▸ What to work on
Retype, without pictures, the line holding "Tablier Idée cadeau" and each line below it through the final line.

▸ Information supplied
*** Begin section ***

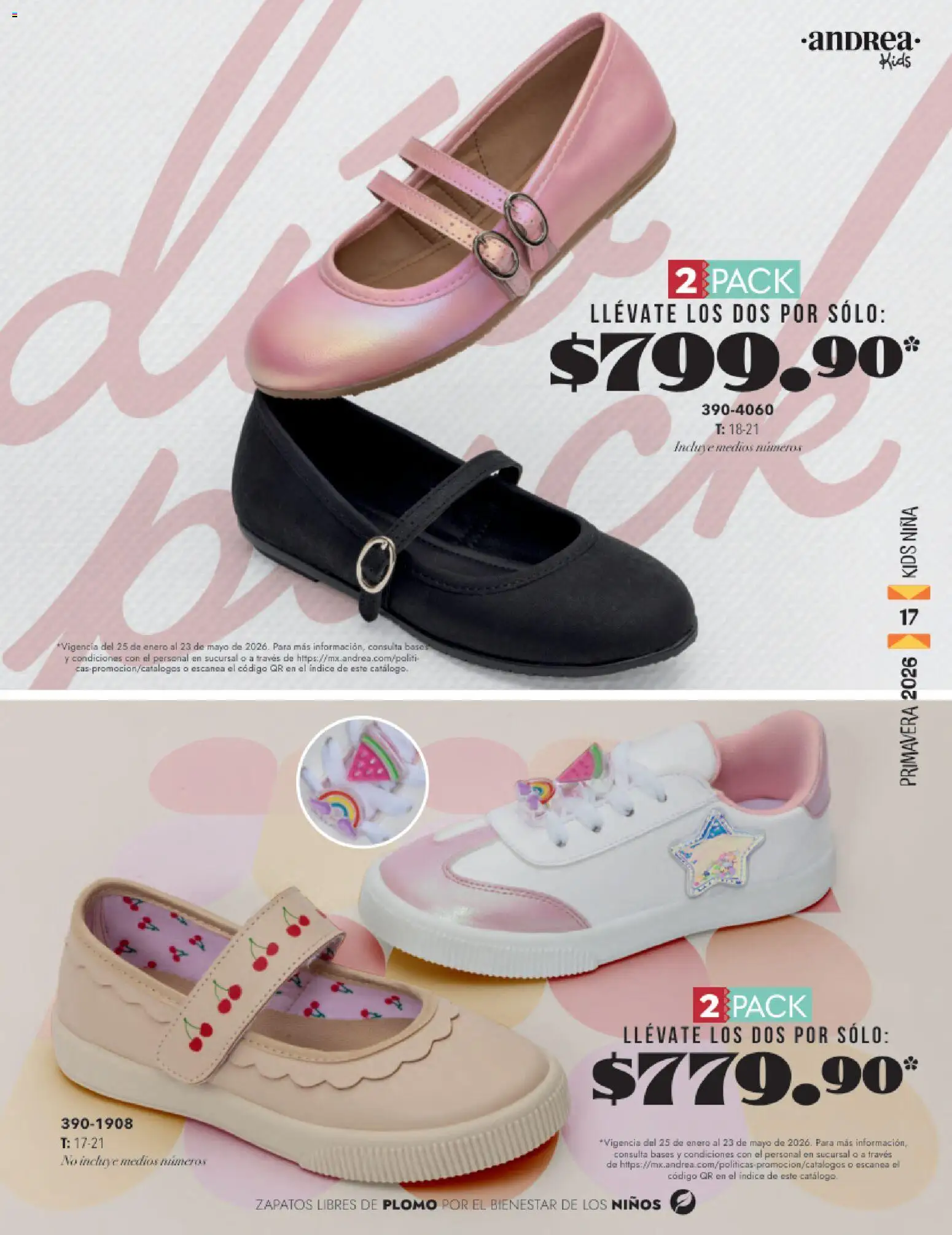 Nuevas ofertas de Andrea válidas en toda la República Mexicana desde el 25.01.2026. ¡Encuentra las mejores ofertas en Andrea catálogo Infantil! | Página: 17 | Productos: Zapatos
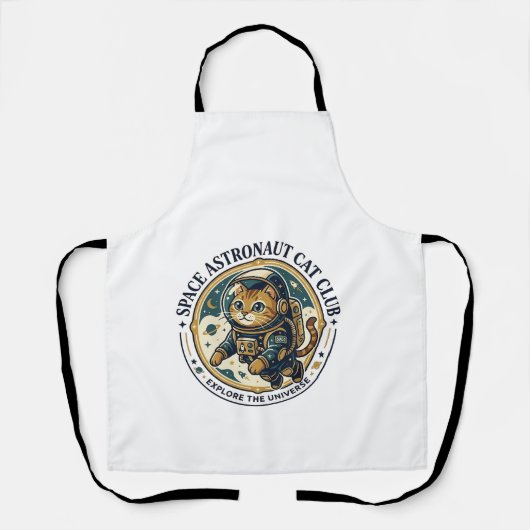 Tablier Idée cadeau papa chat astronaute spatial - Astrona (Recto)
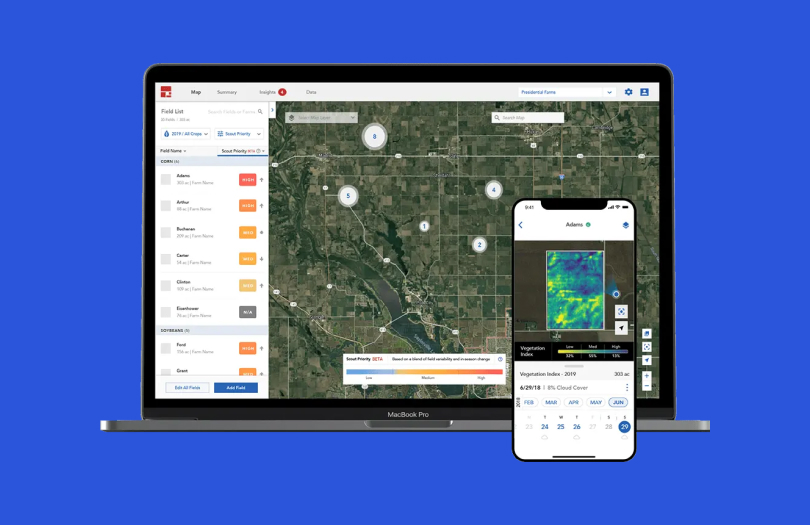 Granular farm management software interface on laptop and mobile device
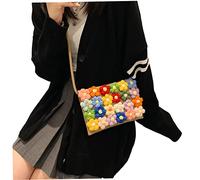 Knitting Bag Straw Flower Bag for Girl Colorful Simulation Straw Summer Shoulder Trendy Crossbody Ladies Beach Bagstraw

*** End section ***

▸ Task response
 Tablier Idée cadeau papa chat astronaute spatial - Astrona (Recto)
 Granular farm management software interface on laptop and mobile device
 Knitting Bag Straw Flower Bag for Girl Colorful Simulation Straw Summer Shoulder Trendy Crossbody Ladies Beach Bagstraw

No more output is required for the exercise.